The following chart shows how an optimal allocation to stocks and bonds changes substantially for a targeted level of volatility, even with a small allocation of cryptoassets.
Toward the most extreme scenario, an investor targeting 17% volatility would shift stock weightings from 94% to 38%, once they had added cryptoassets and sought to optimize their portfolio. To avoid such a substantial reconstitution of their portfolio in adding crypto to a fully optimized portfolio, investors may be inclined to constrain their allocation changes.
Outperformance even amidst constraint
The chart below considers the impact of adding a small cryptoasset allocation without any further portfolio optimization, in a constrained frontier. The portfolios represented on this line are first constructed from optimal stock and bond portfolios, and then augmented with a 1% cryptoasset allocation, an amount posited as a maximal limit by the noteworthy investment advisor Ric Edelman.6
While a 1% cryptoasset allocation increased both risk and return, the outcomes across all portfolios nonetheless represent an upward shift in the stock and bond-only efficient frontier. Thus, for any given level of risk above the absolute minimum, the returns available to a constrained portfolio with 1% cryptoassets still exceeded those of a traditional asset portfolio.
Notably, the constrained set of portfolios generated lower returns than an optimized cryptoasset-augmented portfolio. This is an expected outcome of not optimizing portfolio weightings, reflecting the practical compromise inherent to avoiding broad reallocation of exposures.
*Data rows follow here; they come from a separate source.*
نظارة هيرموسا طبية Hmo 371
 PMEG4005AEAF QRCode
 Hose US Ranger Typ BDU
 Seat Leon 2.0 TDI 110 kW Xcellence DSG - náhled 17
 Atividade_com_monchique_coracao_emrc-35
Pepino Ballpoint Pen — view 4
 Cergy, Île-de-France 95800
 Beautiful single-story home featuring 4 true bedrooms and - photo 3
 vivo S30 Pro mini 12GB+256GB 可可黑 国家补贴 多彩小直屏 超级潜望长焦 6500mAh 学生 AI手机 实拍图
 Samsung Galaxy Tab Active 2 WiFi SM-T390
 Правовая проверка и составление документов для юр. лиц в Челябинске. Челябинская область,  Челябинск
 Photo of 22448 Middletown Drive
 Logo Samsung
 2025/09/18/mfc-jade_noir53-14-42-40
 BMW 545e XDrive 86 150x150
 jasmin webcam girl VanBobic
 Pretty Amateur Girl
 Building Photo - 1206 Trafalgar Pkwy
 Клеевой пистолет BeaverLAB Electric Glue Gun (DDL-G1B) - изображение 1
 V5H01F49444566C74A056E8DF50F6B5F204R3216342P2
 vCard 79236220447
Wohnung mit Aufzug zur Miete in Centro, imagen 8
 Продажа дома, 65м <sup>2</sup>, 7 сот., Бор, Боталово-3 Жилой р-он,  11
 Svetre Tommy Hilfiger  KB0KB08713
Over the past decade, the cryptoasset market has demonstrated strong risk-adjusted performance that has been largely uncorrelated with traditional asset classes. The emergence of cryptoassets as a new asset class may pose opportunities for thoughtful investors to reap benefits, including diversification.
Note that investing funds in a portfolio targeting specific returns or risk levels may be highly sensitive to implementation considerations, such as rebalancing.7 The gap between expectations and reality could potentially be further widened by other important, less discussed aspects of cryptoasset investment such as market liquidity, cryptoasset forks, taxation, and regulatory compliance.
For the purposes of investment analysis, any conclusions drawn from historical analyses and projections should be rooted in a broader set of considerations yielding to careful and experienced judgment, and suitably matched to an investor’s sophistication and preferences.
Disclaimer: This paper was prepared for informational purposes only. It is not intended to provide financial or investing advice.
1 Cryptoassets: The Innovative Investor’s Guide to Bitcoin and Beyond, published in 2018 and written by investors and market commentators Chris Burniske and Jack Tatar provides a comprehensive taxonomy distinguishing cryptoassets and cryptocurrencies.
2 See Cryptoassets (2018), pages 83-120
3 Relevant proxies are used in all instances:
- Stocks: Vanguard Total Market Index Fund
- Bonds: Vanguard All Bond Index
- Cryptocurrencies: Bitcoin
4 See: Cryptoassets (2018), pages 132-135
5 Calculations based on data from coinmarketcap.com.
7 Existing research by Bitwise Asset Management shows the wide ranging divergence of outcomes yielded by changes in rebalancing thresholds and periods.